Stored data:
▬▬▬▬▬▬
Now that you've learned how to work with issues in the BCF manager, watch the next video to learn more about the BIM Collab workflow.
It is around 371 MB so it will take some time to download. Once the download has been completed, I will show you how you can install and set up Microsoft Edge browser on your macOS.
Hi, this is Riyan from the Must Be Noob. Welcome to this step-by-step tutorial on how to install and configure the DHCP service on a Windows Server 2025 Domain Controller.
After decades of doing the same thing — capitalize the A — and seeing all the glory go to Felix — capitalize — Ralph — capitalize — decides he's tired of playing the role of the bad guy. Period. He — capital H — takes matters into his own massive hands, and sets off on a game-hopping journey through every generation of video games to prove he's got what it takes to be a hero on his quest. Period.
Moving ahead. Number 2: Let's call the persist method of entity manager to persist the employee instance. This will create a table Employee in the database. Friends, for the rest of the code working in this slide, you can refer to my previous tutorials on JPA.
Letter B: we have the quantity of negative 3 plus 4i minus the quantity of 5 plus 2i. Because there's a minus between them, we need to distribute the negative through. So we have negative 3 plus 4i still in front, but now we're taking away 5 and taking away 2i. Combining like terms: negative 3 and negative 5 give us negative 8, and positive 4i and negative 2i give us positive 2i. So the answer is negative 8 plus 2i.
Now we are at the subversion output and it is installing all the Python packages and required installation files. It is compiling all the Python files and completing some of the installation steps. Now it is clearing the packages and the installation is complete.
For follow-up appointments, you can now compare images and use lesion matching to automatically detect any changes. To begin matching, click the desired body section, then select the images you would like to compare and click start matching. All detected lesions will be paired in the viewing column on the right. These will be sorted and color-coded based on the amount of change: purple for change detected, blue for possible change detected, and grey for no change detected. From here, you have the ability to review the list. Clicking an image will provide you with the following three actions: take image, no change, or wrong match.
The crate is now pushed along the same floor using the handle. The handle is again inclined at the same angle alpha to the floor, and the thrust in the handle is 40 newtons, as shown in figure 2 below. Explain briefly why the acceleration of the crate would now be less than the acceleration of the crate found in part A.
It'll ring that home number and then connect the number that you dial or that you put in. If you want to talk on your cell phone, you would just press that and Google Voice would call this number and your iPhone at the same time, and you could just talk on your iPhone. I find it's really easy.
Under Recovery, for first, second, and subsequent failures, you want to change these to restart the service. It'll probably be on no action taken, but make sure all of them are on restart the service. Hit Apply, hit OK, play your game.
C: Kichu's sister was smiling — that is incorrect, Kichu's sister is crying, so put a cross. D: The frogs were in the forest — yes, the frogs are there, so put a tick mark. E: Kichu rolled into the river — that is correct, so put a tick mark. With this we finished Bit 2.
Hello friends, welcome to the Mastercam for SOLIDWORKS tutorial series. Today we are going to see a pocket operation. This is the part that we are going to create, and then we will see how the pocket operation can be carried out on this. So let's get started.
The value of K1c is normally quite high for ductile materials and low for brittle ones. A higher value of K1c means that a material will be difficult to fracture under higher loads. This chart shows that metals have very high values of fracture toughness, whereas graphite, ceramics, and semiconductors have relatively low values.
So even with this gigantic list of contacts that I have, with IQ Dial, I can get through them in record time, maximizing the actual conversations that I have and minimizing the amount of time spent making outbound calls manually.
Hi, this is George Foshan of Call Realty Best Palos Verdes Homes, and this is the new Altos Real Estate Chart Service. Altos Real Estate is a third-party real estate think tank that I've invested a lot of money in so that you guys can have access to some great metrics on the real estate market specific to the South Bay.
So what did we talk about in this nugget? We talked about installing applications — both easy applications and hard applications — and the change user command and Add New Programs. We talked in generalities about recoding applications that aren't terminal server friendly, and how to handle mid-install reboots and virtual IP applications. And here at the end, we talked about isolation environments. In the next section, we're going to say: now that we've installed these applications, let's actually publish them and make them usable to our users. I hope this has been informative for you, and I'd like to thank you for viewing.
▬▬▬▬▬▬
What the task asks |
Please write out the records above once more, exactly and completely.

Task solution |
Now that you've learned how to work with issues in the BCF manager, watch the next video to learn more about the BIM Collab workflow.
It is around 371 MB so it will take some time to download. Once the download has been completed, I will show you how you can install and set up Microsoft Edge browser on your macOS.
Hi, this is Riyan from the Must Be Noob. Welcome to this step-by-step tutorial on how to install and configure the DHCP service on a Windows Server 2025 Domain Controller.
After decades of doing the same thing — capitalize the A — and seeing all the glory go to Felix — capitalize — Ralph — capitalize — decides he's tired of playing the role of the bad guy. Period. He — capital H — takes matters into his own massive hands, and sets off on a game-hopping journey through every generation of video games to prove he's got what it takes to be a hero on his quest. Period.
Moving ahead. Number 2: Let's call the persist method of entity manager to persist the employee instance. This will create a table Employee in the database. Friends, for the rest of the code working in this slide, you can refer to my previous tutorials on JPA.
Letter B: we have the quantity of negative 3 plus 4i minus the quantity of 5 plus 2i. Because there's a minus between them, we need to distribute the negative through. So we have negative 3 plus 4i still in front, but now we're taking away 5 and taking away 2i. Combining like terms: negative 3 and negative 5 give us negative 8, and positive 4i and negative 2i give us positive 2i. So the answer is negative 8 plus 2i.
Now we are at the subversion output and it is installing all the Python packages and required installation files. It is compiling all the Python files and completing some of the installation steps. Now it is clearing the packages and the installation is complete.
For follow-up appointments, you can now compare images and use lesion matching to automatically detect any changes. To begin matching, click the desired body section, then select the images you would like to compare and click start matching. All detected lesions will be paired in the viewing column on the right. These will be sorted and color-coded based on the amount of change: purple for change detected, blue for possible change detected, and grey for no change detected. From here, you have the ability to review the list. Clicking an image will provide you with the following three actions: take image, no change, or wrong match.
The crate is now pushed along the same floor using the handle. The handle is again inclined at the same angle alpha to the floor, and the thrust in the handle is 40 newtons, as shown in figure 2 below. Explain briefly why the acceleration of the crate would now be less than the acceleration of the crate found in part A.
It'll ring that home number and then connect the number that you dial or that you put in. If you want to talk on your cell phone, you would just press that and Google Voice would call this number and your iPhone at the same time, and you could just talk on your iPhone. I find it's really easy.
Under Recovery, for first, second, and subsequent failures, you want to change these to restart the service. It'll probably be on no action taken, but make sure all of them are on restart the service. Hit Apply, hit OK, play your game.
C: Kichu's sister was smiling — that is incorrect, Kichu's sister is crying, so put a cross. D: The frogs were in the forest — yes, the frogs are there, so put a tick mark. E: Kichu rolled into the river — that is correct, so put a tick mark. With this we finished Bit 2.
Hello friends, welcome to the Mastercam for SOLIDWORKS tutorial series. Today we are going to see a pocket operation. This is the part that we are going to create, and then we will see how the pocket operation can be carried out on this. So let's get started.
The value of K1c is normally quite high for ductile materials and low for brittle ones. A higher value of K1c means that a material will be difficult to fracture under higher loads. This chart shows that metals have very high values of fracture toughness, whereas graphite, ceramics, and semiconductors have relatively low values.
So even with this gigantic list of contacts that I have, with IQ Dial, I can get through them in record time, maximizing the actual conversations that I have and minimizing the amount of time spent making outbound calls manually.
Hi, this is George Foshan of Call Realty Best Palos Verdes Homes, and this is the new Altos Real Estate Chart Service. Altos Real Estate is a third-party real estate think tank that I've invested a lot of money in so that you guys can have access to some great metrics on the real estate market specific to the South Bay.
So what did we talk about in this nugget? We talked about installing applications — both easy applications and hard applications — and the change user command and Add New Programs. We talked in generalities about recoding applications that aren't terminal server friendly, and how to handle mid-install reboots and virtual IP applications. And here at the end, we talked about isolation environments. In the next section, we're going to say: now that we've installed these applications, let's actually publish them and make them usable to our users. I hope this has been informative for you, and I'd like to thank you for viewing.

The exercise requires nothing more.